On spending 11 months in prison

Jillian Anthony [JA]: So who did you encounter [in prison]? What was the experience actually like for you?

SB: So first of all, jail is very loud, and the lights never turn off. So it's a little bit of sensory overload. That said, I was never in a place where there were not at least two or three people who had a vested interest in me being okay. A lot of times we talk about, Well you have to pick sides and join a gang and stuff. That's not how it is, in women's jail at least. And there were actually really nurturing relationships. People watched out for one another. When I was there, I didn't have any supplies, I didn't have any food or hygiene items, or deodorant or anything like that. And people would give me their stuff and just tell me, You can get me when you go to commissary. It was not what you see on TV. I mean, I did see some things that were reminiscent of that, but the people—I was so apprehensive. I was like, God, I'm just gonna have to stick to my own business and just not talk to anyone. And try to not have relationships, because everybody is like, Somebody will do you dirty behind your back, and you don't want to owe anybody anything or have someone lending you things. But people took care of me. And that was both surprising and a huge relief.

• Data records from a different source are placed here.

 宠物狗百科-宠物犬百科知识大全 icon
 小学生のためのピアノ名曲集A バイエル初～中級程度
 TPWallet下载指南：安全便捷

JA: To me, that makes sense. I mean, wherever you are, you're going to form community, and you need someone no matter where you are.

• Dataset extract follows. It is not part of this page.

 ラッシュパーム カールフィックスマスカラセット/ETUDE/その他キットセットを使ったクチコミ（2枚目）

SB: Yeah, for sure. It's just interesting how the messages that we receive about certain places convince us otherwise.

JA: Well, we're supposed to think of prisoners as nonhuman people.

SB: Exactly.

JA: When in fact, many people know someone incarcerated or formerly incarcerated. [Editors’ note: Nearly half of all Americans have had a family member in jail or prison.]

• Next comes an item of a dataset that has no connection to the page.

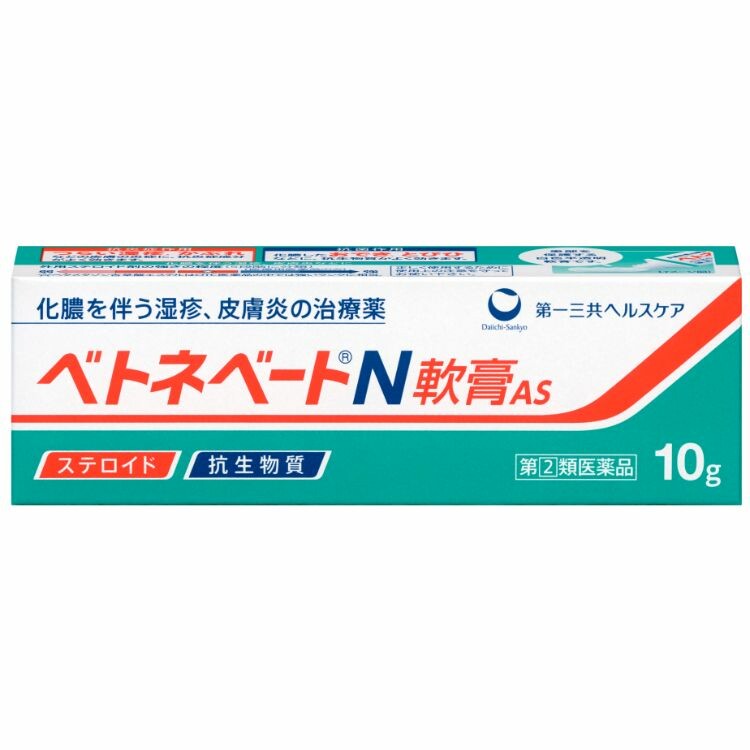 【指定第2類医薬品】ベトネベートＮ軟膏ＡＳ　１０ｇ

On Alcoholics Anonymous, and spending her first year sober in prison

JA: And that year that you were in prison almost a year was also your first year sober, right?

SB: Yes.

JA: So what was that experience? How did you deal with that in prison?

SB: I said the Serenity Prayer constantly. I have anxiety. And so to cope with the sense that I'm going to freak out and I can't leave, I would just say the Serenity Prayer over and over and over again, almost like a mantra. And I slept a lot. I would tie a sock around my eyes so that the sunlight wouldn't get in. And I would just try to sleep as much as possible, and wrote a lot of letters. You're allowed to get magazines in there, and so I had my mom sending me, like, Self magazine, like, I'm going to get ripped! Never happened. But it was nice, because you can't have perfume or anything inside. And women's magazines would have perfume ads. So we'd rip those out and secretly use them so that when our guests came, we smelled nice.

So it was a lot of little attempts at self-care, wherever I could find them. Just one day at a time. Early in recovery, I was definitely more of like a Big Book Thumper than I am now. But the 12-step program works for a lot of people. And it got me sober. And some people keep their relationship with meetings and 12-step stuff, some people move on to do other things. I'm one of the latter. But early on, it was definitely my relationship with my AA family and my sponsors that were out here writing me letters and stuff that kept me going throughout that.

How her time in prison pushed her toward education and activism

SB: Being incarcerated—being within a system that I really didn't know anyone who had been impacted by, didn't know anything about other than what I'd seen on TV and read about in the news and stuff, seeing the race and class dynamics that were at play—was an eye-opening experience. I wish that I was woke to these issues way earlier. But I was a late bloomer. There are issues of systemic racism in every institution in society, but in particular within the criminal justice system, and then issues of class and gender as well—how indigent people are incarcerated, people who don't have families to support them, how they suffer needlessly, without the basic resources that you really need to just survive. I could not not think about that shit when I was in there.

When I found out I made parole, I was so grateful. I was so grateful. I told myself, one, I'm never coming back to this place ever. And two, I'm never going to forget the women that I'm leaving behind here, ever. It shaped the way I view the world. For the rest of my life.